2. Ontvankelijkheid verzet
De officier van justitie heeft gevorderd verdachte niet ontvankelijk te verklaren in het ingestelde verzet. Zij heeft in dit verband allereerst aangevoerd dat [verdachte] de aan haar opgelegde strafbeschikking, bestaande uit een geldboete van € 650,00, op 12 oktober 2016 heeft voldaan. Hiermee is de zaak geëindigd. Op 13 oktober 2016 is het verzetschrift gedateerd 12 oktober 2016, bij het Functioneel Parket Amsterdam ontvangen. Door aan de strafbeschikking te voldoen heeft verdachte gelet op het bepaalde in artikel 257e, eerste lid, van het Wetboek van Strafvordering (Sv), afstand gedaan van de bevoegdheid verzet aan te tekenen. Daarnaast heeft de officier van justitie zich op het standpunt gesteld dat het verzet niet op de juiste wijze, te weten door een daartoe bevoegd persoon, is gedaan. Het verzet is ingesteld door [vertegenwoordiger] , namens [verdachte] , terwijl niet blijkt dat deze [vertegenwoordiger] ook is gemachtigd om dit te doen.

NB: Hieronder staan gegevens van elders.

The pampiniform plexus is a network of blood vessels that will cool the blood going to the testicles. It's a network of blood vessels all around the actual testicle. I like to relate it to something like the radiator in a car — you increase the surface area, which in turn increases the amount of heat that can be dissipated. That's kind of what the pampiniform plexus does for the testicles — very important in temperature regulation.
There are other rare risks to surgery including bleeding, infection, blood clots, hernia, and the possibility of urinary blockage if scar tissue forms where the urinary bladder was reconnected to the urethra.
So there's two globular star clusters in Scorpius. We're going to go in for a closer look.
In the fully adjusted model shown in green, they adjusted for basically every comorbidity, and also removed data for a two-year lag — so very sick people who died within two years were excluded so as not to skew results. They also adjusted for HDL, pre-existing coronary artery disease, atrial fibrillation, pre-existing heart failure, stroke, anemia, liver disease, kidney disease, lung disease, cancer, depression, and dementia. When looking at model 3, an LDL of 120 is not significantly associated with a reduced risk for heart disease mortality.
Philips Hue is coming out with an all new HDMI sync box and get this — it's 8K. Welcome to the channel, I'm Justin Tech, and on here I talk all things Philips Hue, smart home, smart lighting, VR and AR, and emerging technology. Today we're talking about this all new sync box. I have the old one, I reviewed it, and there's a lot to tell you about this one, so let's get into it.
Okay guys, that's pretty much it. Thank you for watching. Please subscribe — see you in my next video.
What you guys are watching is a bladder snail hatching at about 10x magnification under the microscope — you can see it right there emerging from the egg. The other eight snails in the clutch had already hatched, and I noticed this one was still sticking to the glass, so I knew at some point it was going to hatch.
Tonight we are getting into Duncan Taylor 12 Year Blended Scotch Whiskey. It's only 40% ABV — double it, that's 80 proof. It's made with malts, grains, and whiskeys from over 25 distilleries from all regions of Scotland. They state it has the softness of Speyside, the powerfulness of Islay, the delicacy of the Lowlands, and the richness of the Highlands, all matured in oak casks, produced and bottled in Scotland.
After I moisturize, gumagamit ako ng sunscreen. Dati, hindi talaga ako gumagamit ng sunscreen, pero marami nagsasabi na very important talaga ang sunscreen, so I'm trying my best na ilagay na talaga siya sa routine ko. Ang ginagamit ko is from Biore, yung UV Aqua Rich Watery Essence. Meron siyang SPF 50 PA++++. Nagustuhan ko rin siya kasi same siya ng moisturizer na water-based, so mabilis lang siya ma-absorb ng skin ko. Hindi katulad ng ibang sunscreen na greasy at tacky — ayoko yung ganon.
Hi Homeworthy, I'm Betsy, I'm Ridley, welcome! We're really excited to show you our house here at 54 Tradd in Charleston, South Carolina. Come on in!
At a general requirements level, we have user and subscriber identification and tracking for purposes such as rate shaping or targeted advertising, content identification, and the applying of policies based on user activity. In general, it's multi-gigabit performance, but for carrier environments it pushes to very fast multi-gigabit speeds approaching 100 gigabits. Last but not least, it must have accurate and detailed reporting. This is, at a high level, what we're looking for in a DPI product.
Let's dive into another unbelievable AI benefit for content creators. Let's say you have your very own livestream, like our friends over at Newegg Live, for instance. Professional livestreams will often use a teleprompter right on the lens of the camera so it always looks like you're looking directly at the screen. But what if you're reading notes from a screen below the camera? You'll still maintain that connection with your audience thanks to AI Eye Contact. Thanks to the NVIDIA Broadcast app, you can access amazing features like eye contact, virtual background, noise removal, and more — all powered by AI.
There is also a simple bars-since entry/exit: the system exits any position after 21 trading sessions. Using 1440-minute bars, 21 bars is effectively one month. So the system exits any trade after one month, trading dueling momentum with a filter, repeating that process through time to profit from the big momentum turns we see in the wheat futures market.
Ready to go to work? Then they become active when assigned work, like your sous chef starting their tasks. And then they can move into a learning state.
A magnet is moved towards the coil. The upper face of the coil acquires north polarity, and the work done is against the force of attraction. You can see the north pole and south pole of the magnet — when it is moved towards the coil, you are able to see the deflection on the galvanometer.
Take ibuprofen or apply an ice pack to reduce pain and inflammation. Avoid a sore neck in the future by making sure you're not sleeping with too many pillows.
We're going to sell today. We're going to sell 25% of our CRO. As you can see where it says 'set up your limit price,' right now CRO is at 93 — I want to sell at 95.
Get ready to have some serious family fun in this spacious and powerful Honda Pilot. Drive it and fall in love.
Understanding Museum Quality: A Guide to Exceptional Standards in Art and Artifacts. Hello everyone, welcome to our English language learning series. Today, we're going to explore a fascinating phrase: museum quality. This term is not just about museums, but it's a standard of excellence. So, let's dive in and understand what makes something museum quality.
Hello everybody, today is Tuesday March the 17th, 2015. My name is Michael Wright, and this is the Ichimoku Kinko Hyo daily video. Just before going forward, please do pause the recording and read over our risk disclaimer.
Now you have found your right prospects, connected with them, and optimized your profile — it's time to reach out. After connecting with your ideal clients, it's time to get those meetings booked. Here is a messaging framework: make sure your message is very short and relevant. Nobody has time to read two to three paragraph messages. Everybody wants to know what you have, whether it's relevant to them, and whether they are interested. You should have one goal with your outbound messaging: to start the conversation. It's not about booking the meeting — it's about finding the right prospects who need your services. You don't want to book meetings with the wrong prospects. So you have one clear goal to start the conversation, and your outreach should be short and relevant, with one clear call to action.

Namens verdachte is naar voren gebracht dat het niet de bedoeling is geweest om de strafbeschikking te betalen, maar om verzet in te stellen. Er is geprobeerd de betaling tegen te houden, maar dit is kennelijk niet gelukt. De betaling van de strafbeschikking berust daarmee op een dwaling. Voor zover het verzet niet op de juiste wijze zou zijn ingesteld, heeft de raadsvrouw van verdachte aangevoerd dat dit verzuim is gedekt doordat verdachte (bij gemachtigde) ter zitting is verschenen.
De rechtbank stelt vast dat de [verdachte] bij brief van 12 oktober 2016 verzet heeft ingesteld en dat blijkens een door de officier van justitie overgelegd betalingsoverzicht op diezelfde datum bij het Centraal Justitieel Incassobureau de betaling van de strafbeschikking is ontvangen. Met de mogelijkheid verzet aan te tekenen tegen een door het Openbaar Ministerie opgelegde strafbeschikking wordt het in artikel 6 van het Europees Verdrag voor de Rechten van de Mens (EVRM) geregelde recht op toegang tot een onafhankelijke rechter gewaarborgd. Anders dan de officier van justitie heeft betoogd, kan naar het oordeel van de rechtbank in de gegeven omstandigheden niet worden gezegd dat de [verdachte] (impliciet) afstand heeft gedaan van dit wezenlijke recht op grond van de omstandigheid dat de [verdachte] is overgegaan tot betaling van de strafbeschikking. De rechtbank acht van doorslaggevend belang, dat op of omstreeks de dag van betaling van de strafbeschikking tevens verzet tegen de strafbeschikking is ingediend door de [verdachte] . In het licht hiervan kan niet worden geoordeeld dat de [verdachte] door betaling van de strafbeschikking ondubbelzinnig afstand heeft gedaan van haar bevoegdheid tot het doen van verzet en daarmee van haar wezenlijke recht op toegang tot een onafhankelijke rechter.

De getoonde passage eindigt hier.